Passive Aggressive: pretending not to know what you're talking about
Have you ever gone to a Seattle area store where a sales clerk comes up and asks if they can help you, then, when you tell them what you're looking for, they pretend they have no idea what you're talking about?
One example: in a store that sells appliances, I asked where the food processors were; the response: "food processor?"(blinks in confusion). Turns out, what I was looking for was a few aisles over from where we were standing.
When I first moved here, I had a lot of traveler's checks because I needed to change banks (my old bank didn't have a branch up here). I went shopping at a chain department store, buying household stuff. The lady at the cash register acted like she had never seen or even heard of a traveler's check. She asked: "What's this? Where did you get this? I don't know what to do with this." She even looked at a stamped signature (if you're not familiar with them, traveler's checks have an embossed signature of the bank's president someone like that, on part of it; this is distinct from your own signature line and is obviously printed as part of the traveler's check) and asked "do you know that person?" pointing at it.

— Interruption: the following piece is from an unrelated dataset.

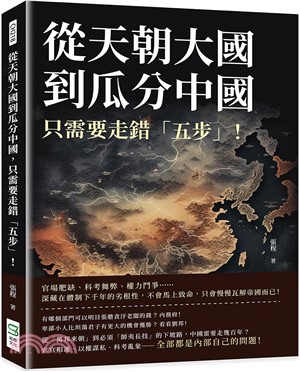 從天朝大國到瓜分中國，只需要走錯「五步」！官場肥缺、科考舞弊、權力鬥爭……深藏在體制下千年的劣根性，不會馬上致命，只會慢慢瓦解帝國而已！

This is tantamount to looking at a dollar bill and asking the person if they know the secretary of treasury because his or her signature is on it.
Eventually, I got the manager, who was able to help me. According to her, her store had no issues with accepting traveler's checks and their policy was to process them just like any other transaction, but she could not explain her employee's ignorance. In no way did she apologize or even attempt to address the issue with her employee -- if anything she acted like she was doing me a favor by accepting my traveler's check.
This could conceivably happen anywhere because stupidity is ubiquitous, but I don't think I've encountered it elsewhere to quite the degree as I have here.